And when they had summoned them, they commanded them not to speak or teach at all in the name of Jesus. But Peter and John answered and said to them, 'Whether it is right in the sight of God to give heed to you rather than to God, you be the judge; for we cannot stop speaking about what we have seen and heard.' When they had threatened them further, they let them go (finding no basis on which to punish them) on account of the people, because they were all glorifying God for what had happened." (Acts 4:1-21)

Verse 14 is especially powerful: When presented with the fact of miracles performed through the power of the resurrected Christ, they [the Sadducees] had nothing to say in reply. Furthermore, during this same event about 5,000 men, most likely Jews, came to believe. Why would 5,000 men believe in the resurrection, and Jesus as Messiah, if the Jewish leaders had offered a strong case against the resurrection? The answer, quite simply, is that the attesting case in favor of the resurrection was beyond reasonable doubt.

The Change in the Disciples' Attitude

According to Matthew 26:56, as soon as Jesus was arrested,

"...all the disciples left Him and fled."

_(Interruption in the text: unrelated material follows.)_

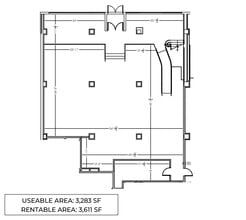 300 S Washington Sq, Lansing, MI to rent Floor Plan- Image 1 of 1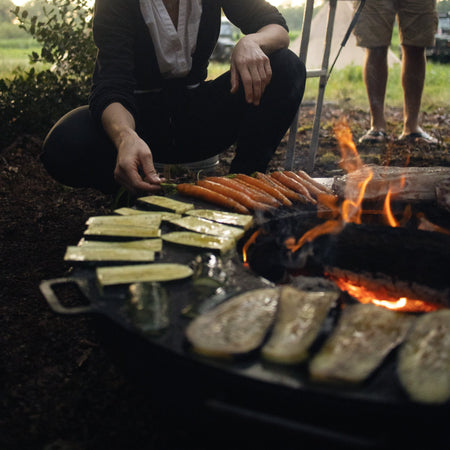 BonFeu BonPlancha Grillplaat Ø 120 cm - Firesite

They wanted no part of the torturous exercise that Christ was about to endure. And apparently their cowardice did not end there. In his account of the gospel, John records in 20:19 that Jesus found the disciples behind closed doors for fear of the Jews.

"So when it was evening on that day, the first day of the week, and when the doors were shut where the disciples were, for fear of the Jews, Jesus came and stood in their midst and said to them, 'Peace be with you.'" (John 20:19)

"After eight days His disciples were again inside, and Thomas with them. Jesus came, the doors having been shut, and stood in their midst and said, 'Peace be with you.'" (John 20:26)

Even after eight days of thinking, reasoning, and considering what had happened Jesus still finds them behind locked doors for fear of the Jews. Even after eight days of pondering the power of the risen Lord they are still trembling.

Why would eleven men that are hiding in a locked room soon be preaching to the people they are hiding from? According to Josephus and other ancient secular historians, eleven of the twelve apostles died as martyrs. Why would these men be hiding one day, and dying the next? I can only explain it one way--stated above by John--Jesus came and stood in their midst.

What about Peter? In Matthew 26, Peter is described as denying Christ to a servant-girl. If he is not willing to proclaim his Lord to a servant, how much less likely would he be to proclaim the Messiah to the Jewish leaders, whom he feared? Why would Peter be preaching to these very people just a few days later? Perhaps the answer is found in 1 Corinthians 15:5,

"He appeared to Cephas..."

What about James?

"For not even His brothers were believing in Him." (John 7:5)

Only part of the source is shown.